EDA
Contents
EDA#
%load_ext autoreload
%autoreload 2
%matplotlib inline
Imports#
from aiking.data.external import * #We need to import this after fastai modules
import warnings
import pandas as pd
import seaborn as sns
import matplotlib.pyplot as plt
import matplotlib.image as mpimg
from fastdownload import download_url
from IPython.display import display, Image
sns.set(color_codes=True)
sns.set_palette(sns.color_palette("muted"))
warnings.filterwarnings("ignore")
Getting Dataset#
path = untar_data("kaggle_datasets::camnugent/california-housing-prices"); path
# download_data??
#download_data("https://docs.google.com/uc?export=download&id=1mOK0uyRz5Zs-Qo7mVMlxwtb2xn1E6N9Q", fname=path/"housing_address.csv")
fname = download_url("https://docs.google.com/uc?export=download&id=1mOK0uyRz5Zs-Qo7mVMlxwtb2xn1E6N9Q", dest=path)
fname.rename(fname.parent/"housing_address.csv")
path.ls()
df = pd.read_csv(path/"housing.csv"); df.head()
df.info()
df.sample(n=5, random_state=42)
df['ocean_proximity'].value_counts()
df.describe().T
Data Visualization#
Histogram#
sns.distplot(df['housing_median_age'], kde=False)
Note
Highest ~50
Mean ~30
Second peak ~15. Why?
sns.distplot(df['median_income'], kde=False)
Correlation Matrix#
corr_matrix = df.corr();corr_matrix
corr_matrix['median_house_value'].sort_values(ascending=False)
Tip
We plan to predict median_house_value.
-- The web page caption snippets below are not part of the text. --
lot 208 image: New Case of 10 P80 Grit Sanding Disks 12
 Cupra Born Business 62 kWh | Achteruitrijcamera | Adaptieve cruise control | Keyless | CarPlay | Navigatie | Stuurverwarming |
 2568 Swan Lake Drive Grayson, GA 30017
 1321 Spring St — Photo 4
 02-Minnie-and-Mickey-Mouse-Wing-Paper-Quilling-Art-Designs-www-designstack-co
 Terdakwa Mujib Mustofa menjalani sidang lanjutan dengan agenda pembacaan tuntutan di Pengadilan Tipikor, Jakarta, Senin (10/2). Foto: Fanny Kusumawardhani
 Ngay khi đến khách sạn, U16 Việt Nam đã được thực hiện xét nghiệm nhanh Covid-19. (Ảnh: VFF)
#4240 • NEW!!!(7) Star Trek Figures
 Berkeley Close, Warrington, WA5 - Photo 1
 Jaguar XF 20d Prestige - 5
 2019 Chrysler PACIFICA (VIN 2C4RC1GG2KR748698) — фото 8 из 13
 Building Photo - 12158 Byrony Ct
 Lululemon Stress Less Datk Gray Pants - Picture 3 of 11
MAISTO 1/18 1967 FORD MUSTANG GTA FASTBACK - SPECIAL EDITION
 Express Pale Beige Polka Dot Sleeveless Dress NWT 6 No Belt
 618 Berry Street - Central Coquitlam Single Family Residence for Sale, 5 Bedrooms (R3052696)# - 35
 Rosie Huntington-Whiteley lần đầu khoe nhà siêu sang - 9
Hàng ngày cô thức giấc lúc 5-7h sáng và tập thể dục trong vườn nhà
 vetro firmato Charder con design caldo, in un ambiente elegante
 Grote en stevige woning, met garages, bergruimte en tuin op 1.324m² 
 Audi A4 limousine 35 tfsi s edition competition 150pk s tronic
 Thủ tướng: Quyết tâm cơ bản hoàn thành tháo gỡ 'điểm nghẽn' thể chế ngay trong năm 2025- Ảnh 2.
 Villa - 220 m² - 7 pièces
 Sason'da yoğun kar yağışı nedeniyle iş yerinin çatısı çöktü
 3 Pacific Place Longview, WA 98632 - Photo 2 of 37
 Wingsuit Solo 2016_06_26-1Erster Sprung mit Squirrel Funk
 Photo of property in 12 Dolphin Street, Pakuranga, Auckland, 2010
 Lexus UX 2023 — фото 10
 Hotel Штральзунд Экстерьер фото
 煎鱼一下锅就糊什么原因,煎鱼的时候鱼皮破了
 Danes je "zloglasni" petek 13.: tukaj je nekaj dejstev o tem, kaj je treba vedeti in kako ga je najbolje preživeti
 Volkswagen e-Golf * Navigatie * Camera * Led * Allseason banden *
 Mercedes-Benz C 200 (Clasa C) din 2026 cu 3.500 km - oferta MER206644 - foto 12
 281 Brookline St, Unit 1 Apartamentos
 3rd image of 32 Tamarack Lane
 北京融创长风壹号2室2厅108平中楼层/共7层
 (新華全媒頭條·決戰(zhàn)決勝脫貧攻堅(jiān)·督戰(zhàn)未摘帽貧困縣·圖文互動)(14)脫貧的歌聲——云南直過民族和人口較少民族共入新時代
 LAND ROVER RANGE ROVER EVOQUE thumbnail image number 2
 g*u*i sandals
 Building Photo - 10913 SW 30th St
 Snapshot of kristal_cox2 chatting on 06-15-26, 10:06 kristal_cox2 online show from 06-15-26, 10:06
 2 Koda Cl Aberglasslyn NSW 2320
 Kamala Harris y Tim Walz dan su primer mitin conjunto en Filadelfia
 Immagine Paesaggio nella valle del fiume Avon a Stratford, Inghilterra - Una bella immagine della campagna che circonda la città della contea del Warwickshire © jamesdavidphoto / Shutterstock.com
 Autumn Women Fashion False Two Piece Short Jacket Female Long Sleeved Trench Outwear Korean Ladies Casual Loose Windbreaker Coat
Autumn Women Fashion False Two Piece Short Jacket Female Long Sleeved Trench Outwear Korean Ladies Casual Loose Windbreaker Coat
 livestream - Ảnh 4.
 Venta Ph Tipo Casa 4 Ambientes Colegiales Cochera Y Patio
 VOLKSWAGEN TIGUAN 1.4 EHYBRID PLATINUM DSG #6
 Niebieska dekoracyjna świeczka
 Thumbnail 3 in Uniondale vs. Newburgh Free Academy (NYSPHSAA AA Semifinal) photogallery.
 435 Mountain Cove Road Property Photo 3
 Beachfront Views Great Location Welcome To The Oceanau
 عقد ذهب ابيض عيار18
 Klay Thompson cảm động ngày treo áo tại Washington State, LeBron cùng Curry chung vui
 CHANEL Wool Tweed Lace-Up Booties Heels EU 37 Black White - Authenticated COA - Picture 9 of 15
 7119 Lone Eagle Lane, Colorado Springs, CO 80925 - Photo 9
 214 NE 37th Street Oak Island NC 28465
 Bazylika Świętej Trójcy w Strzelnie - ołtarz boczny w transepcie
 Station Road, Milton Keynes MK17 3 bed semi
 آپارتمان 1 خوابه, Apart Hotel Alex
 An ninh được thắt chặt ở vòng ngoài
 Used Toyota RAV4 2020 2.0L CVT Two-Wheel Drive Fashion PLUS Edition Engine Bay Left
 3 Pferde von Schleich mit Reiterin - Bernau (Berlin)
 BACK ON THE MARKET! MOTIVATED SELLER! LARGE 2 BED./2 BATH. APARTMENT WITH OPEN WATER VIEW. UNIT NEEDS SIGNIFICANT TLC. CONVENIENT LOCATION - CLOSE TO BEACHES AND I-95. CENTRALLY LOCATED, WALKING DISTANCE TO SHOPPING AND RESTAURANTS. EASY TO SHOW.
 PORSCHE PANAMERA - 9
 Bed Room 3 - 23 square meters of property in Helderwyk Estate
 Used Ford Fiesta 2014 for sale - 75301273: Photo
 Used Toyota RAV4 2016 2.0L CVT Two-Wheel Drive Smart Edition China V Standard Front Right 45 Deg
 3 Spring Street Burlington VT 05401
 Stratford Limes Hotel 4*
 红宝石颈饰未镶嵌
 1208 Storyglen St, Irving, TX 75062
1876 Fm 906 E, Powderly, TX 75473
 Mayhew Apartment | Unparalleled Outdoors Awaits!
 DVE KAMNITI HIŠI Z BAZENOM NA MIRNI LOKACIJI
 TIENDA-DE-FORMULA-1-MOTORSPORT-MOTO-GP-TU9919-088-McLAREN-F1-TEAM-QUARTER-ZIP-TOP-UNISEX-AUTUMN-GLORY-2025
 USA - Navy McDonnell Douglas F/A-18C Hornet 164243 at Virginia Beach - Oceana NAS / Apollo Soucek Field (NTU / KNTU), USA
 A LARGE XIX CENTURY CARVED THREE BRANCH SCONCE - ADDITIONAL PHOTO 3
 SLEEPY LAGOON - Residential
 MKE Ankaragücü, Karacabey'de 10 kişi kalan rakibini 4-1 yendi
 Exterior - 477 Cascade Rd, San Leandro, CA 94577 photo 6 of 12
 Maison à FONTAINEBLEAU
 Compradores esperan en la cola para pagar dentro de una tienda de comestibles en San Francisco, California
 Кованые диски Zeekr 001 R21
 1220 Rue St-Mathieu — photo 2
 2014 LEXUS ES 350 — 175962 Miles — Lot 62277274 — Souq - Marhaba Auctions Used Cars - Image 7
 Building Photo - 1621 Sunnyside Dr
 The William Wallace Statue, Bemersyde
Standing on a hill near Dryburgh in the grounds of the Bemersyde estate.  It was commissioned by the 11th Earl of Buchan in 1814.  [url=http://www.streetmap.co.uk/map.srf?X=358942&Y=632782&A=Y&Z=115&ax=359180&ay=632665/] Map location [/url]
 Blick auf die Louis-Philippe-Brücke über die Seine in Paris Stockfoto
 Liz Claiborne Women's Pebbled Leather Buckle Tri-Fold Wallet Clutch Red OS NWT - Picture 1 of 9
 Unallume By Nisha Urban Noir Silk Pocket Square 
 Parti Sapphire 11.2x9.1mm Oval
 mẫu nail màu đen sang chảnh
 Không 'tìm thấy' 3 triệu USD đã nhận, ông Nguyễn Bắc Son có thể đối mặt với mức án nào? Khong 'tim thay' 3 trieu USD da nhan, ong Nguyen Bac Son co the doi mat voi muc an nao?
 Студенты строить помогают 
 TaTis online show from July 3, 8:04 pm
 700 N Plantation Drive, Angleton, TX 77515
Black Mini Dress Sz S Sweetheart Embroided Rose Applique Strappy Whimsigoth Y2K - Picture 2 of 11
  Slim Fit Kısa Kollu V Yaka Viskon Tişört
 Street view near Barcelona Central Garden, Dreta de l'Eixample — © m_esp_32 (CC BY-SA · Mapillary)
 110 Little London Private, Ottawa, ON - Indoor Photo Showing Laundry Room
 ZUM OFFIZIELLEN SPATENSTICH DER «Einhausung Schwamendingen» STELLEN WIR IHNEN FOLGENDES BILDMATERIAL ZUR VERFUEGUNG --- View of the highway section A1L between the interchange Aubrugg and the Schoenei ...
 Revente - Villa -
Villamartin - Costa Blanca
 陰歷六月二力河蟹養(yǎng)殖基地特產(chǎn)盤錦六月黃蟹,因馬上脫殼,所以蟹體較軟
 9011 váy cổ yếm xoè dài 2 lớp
This will give us factors which are highly correlated to this factor
sns.heatmap(corr_matrix, annot=True, fmt='.2f',linewidth=1)
Pearson Coefficient#
Image("https://lewtun.github.io/dslectures/images/correlation.png")
Pairplot#
attributes = ['median_house_value', 'median_income', 'total_rooms',
'housing_median_age', 'ocean_proximity']
sns.pairplot(df[attributes], hue='ocean_proximity')
# corr_matrix['median_house_value'].sort_values(ascending=False).index
Note
Choosing attributes which are very highly correlated with choosen output
JointPlot#
sns.jointplot('median_income', 'median_house_value', data=df, kind='hex');
Note
Useful when scatter plot is too congested
What is this line at 500,000???
Auxilary Data#
df2 = pd.read_csv(path/"housing_address.csv"); df2.head()
df2.info()
df.shape, df2.shape
df2.columns
df2.head()
df2['locality-political'].nunique()
Note
Number of unique cities
Visualizing Geographical Data#
sns.scatterplot(x="longitude", y='latitude', data=df)
Note
Busy scatterplot hiding potential substructure. We can fix by changing transparency
sns.scatterplot(x="longitude", y='latitude', data=df, alpha=0.1)
df.columns
fig = sns.scatterplot(x="longitude", y='latitude', data=df, alpha=0.1,
hue='median_house_value', size='population', palette='viridis')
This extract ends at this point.